(Extracted material):
======
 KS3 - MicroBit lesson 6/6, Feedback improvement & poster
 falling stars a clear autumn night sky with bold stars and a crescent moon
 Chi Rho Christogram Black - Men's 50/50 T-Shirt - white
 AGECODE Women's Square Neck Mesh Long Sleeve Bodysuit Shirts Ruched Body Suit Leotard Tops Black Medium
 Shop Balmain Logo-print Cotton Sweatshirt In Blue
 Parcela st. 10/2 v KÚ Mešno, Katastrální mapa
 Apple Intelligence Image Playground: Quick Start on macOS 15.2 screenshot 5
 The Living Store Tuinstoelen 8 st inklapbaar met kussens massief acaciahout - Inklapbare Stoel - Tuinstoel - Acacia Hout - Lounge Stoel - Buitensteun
======
Transcribe the full listing exactly, keeping every word as it is.

 KS3 - MicroBit lesson 6/6, Feedback improvement & poster
 falling stars a clear autumn night sky with bold stars and a crescent moon
 Chi Rho Christogram Black - Men's 50/50 T-Shirt - white
 AGECODE Women's Square Neck Mesh Long Sleeve Bodysuit Shirts Ruched Body Suit Leotard Tops Black Medium
 Shop Balmain Logo-print Cotton Sweatshirt In Blue
 Parcela st. 10/2 v KÚ Mešno, Katastrální mapa
 Apple Intelligence Image Playground: Quick Start on macOS 15.2 screenshot 5
 The Living Store Tuinstoelen 8 st inklapbaar met kussens massief acaciahout - Inklapbare Stoel - Tuinstoel - Acacia Hout - Lounge Stoel - Buitensteun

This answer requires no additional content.